Indiana has suspended online ISTEP+ testing at schools across the state because of continuing problems with its vendor, CTB McGraw-Hill.

Problems that first surfaced Monday popped back up Tuesday morning at schools in Jackson County and elsewhere.

Superintendent of Public Instruction Glenda Ritz suspended testing statewide Tuesday afternoon. Testing was expected to resume Wednesday.

“I am greatly disappointed to learn that Indiana schools had their ISTEP+ testing interrupted for a second consecutive day.  Like all Hoosier parents, students and teachers, I find these interruptions frustrating and unacceptable," Ritz said in a written statement. “We have been constantly monitoring the situation this morning.  Between approximately 7:30 and 11 a.m. over 150,000 test sessions were completed.  At approximately 11:15 a.m., there was a spike in test interruptions. 

“Because of these errors, I have instructed the Department of Education to suspend testing for the remainder of the day," she added. "This decision was not made lightly, but was done to minimize further disruptions for our schools.  All of our students deserve to take a test that is valid, accurate and reliable."

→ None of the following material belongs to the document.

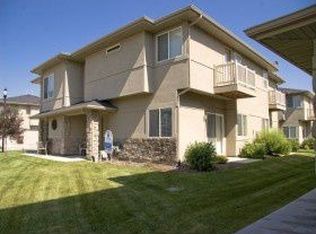 8489 Ivy Springs Ln, West Jordan, UT 84088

Ritz said CTB McGraw-Hill said testing will be able to continue Wednesday.

Brian Rodman of Seymour Community Schools said the morning started smoother than Monday, but the problems of computers losing connection resurfaced aroun 10:30 a.m., about an hour later than they appeared Monday.

"One building has suspended testing for the day," Rodman said. That building 2was Margaret R. Brown Elementary School, where students in grade three, four and five are scheduled to take the test this week.

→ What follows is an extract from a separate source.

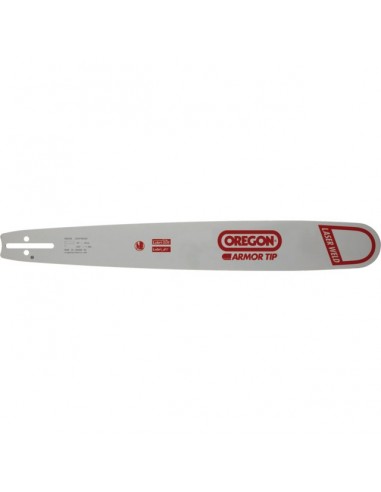 GUIDE OREGON 208ATMD009 50CM/3/8/1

"We got some makeups done and some new testing, but then the problems popped back up again," Rodman said.

Sister papers of The Tribune report similar problems with schools in Bartholomew and Johnson counties.

Daniel Altman with the Indiana Department of Education said Monday that vendor CTB McGraw Hill has promised to have the problem with its servers corrected by the start of school Tuesday morning.

The state reported that about 27,000 children were disrupted while taking the test Monday.